Die Autoren sprechen von einer ungewöhnlich hohen Quote ziviler Opfer im internationalen Vergleich. Expertinnen und Experten des Uppsala Conflict Data Program erklärten gegenüber dem Guardian, ein derartiges Verhältnis sei in modernen Konflikten extrem selten.
Kritik und Zweifel an Zahlen
Das israelische Militär bestätigte auf Anfrage der beteiligten Medien zwar die Existenz einer entsprechenden Datenbank, bestritt jedoch die von den Journalisten veröffentlichten Zahlen. In einer Stellungnahme hieß es, die Angaben seien „falsch“ und würden „nicht die Daten widerspiegeln, die in den Systemen der IDF verfügbar“ seien. Welche Zahlen tatsächlich vorliegen, ließ die Armee offen.
Israelische Politiker hatten in den vergangenen Monaten immer wieder deutlich höhere Schätzungen für die Zahl der getöteten Hamas-Kämpfer genannt – teilweise bis zu 20.000. Kritiker werfen den Behörden vor, die Opferzahlen bewusst zu verzerren und auch Zivilisten mit angeblichen Hamas-Verbindungen einzurechnen.
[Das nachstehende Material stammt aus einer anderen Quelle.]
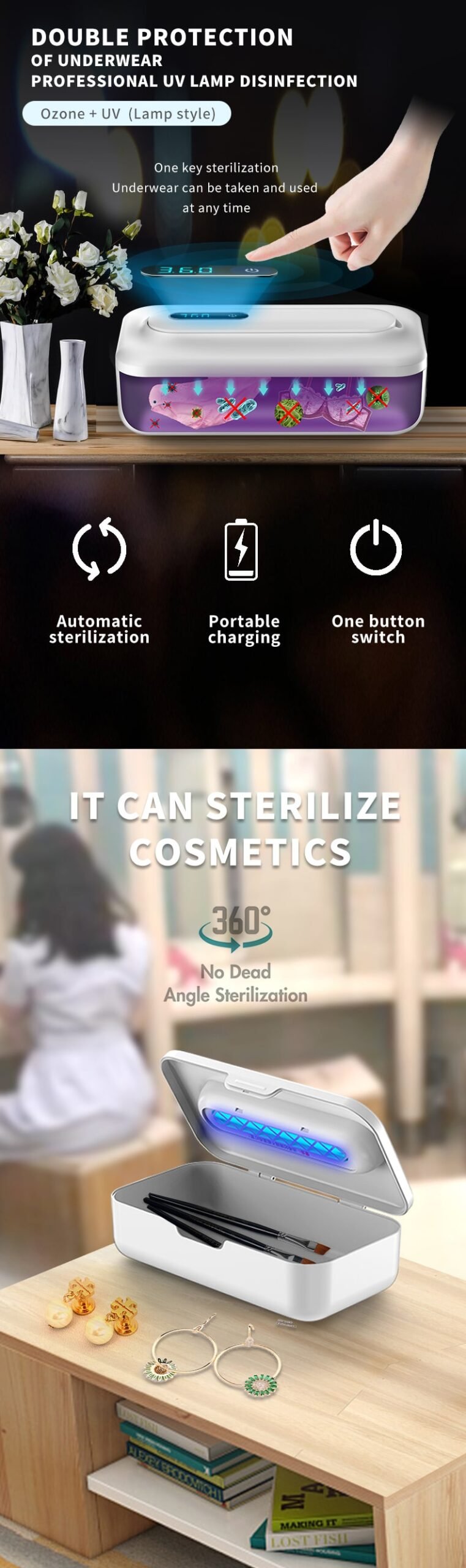 详情页3 multifunctional ultraviolet disinfection uv wand sanitizer box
Der pensionierte General Itzhak Brik sagte dem Guardian, die offiziellen Angaben hätten „absolut keinen Bezug zur Realität“.
Die Recherche basiert nach Angaben der beteiligten Redaktionen auf Dokumenten aus den militärischen Flügeln von Hamas und Islamischem Dschihad, die von Israel beschlagnahmt worden seien. Unabhängig überprüfen lassen sich die Daten nicht. Auch die Todeszahlen der Gesundheitsbehörde in Gaza gelten als umstritten, werden jedoch von internationalen Organisationen regelmäßig zitiert.

Vorsichtige Einordnung
Der Guardian berichtet seit Monaten kritisch über Israels Vorgehen im Gazastreifen. Das Blatt ist die wichtigste britische Zeitung im linken Spektrum. Auch diese Recherche reiht sich in eine Serie von Veröffentlichungen ein, die Israels Militär für eine zu hohe Zahl ziviler Opfer verantwortlich machen. Die israelische Regierung betont dagegen, die Angriffe dienten ausschließlich der Selbstverteidigung nach dem Hamas-Massaker vom 7. Oktober 2023, bei dem 1200 Menschen getötet wurden.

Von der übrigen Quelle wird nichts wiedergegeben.